The Cavaliers were closer to full strength with the return of forward Antawn Jamison(notes), who had 15 points and 12 rebounds after missing one game with a sore knee. Anderson Varejao(notes) had 17 points, 10 boards and drove the Celtics crazy with his nonstop hustle.
“I thought one guy completely dominated the game and that was Varejao,” Celtics coach Doc Rivers said. “Loose balls, activity, getting under our skin, he’s doing what he should do. That was very frustrating. He was so active. He moved his feet and we didn’t.”
Last month, the Cavs beat the Celtics by 20 in Boston. In that game, Cleveland center Shaquille O’Neal(notes) sustained a serious thumb injury and is expected to miss the remainder of the season.
The Cavs don’t appear to be missing him right now.

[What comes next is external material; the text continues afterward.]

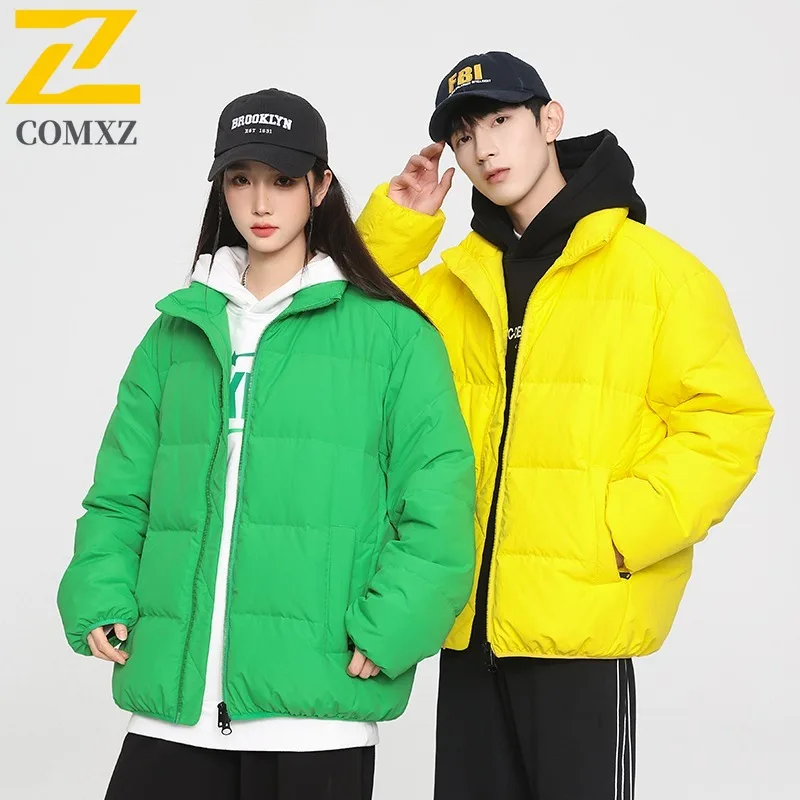 COMXZ Cotton Padded Jacket Solid Color High-End Winter Warm Cold-Resistant Snowy Padding Coat Travel Loose Trendy Men's Clothing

Ray Allen(notes) scored 20, while Paul Pierce(notes) and Kevin Garnett(notes), who was in foul trouble for most of the game, had 18 apiece for the Celtics.
Boston’s Big Three was no match for Cleveland’s Chosen One.
James added eight rebounds, seven assists and three blocks in another MVP-type performance. He also shook off being accidentally poked in the left eye in the third quarter by Garnett.
“I’ve got kind of a headache right now,” said James, whose area around his eye was discolored. “I was lucky to be able to finish the game. It stayed blurry for about 15 minutes. It wore off close to the end of the fourth quarter.”
Leading by eight after three, the Cavs scored the first nine points in the fourth. Cleveland’s defense, which usually gets tougher in the final 12 minutes, forced the Celtics to take bad shots and Boston missed its first eight shots in the fourth. The Cavs have held the Celtics to 24 percent shooting (10 of 41) in the past two fourth quarters.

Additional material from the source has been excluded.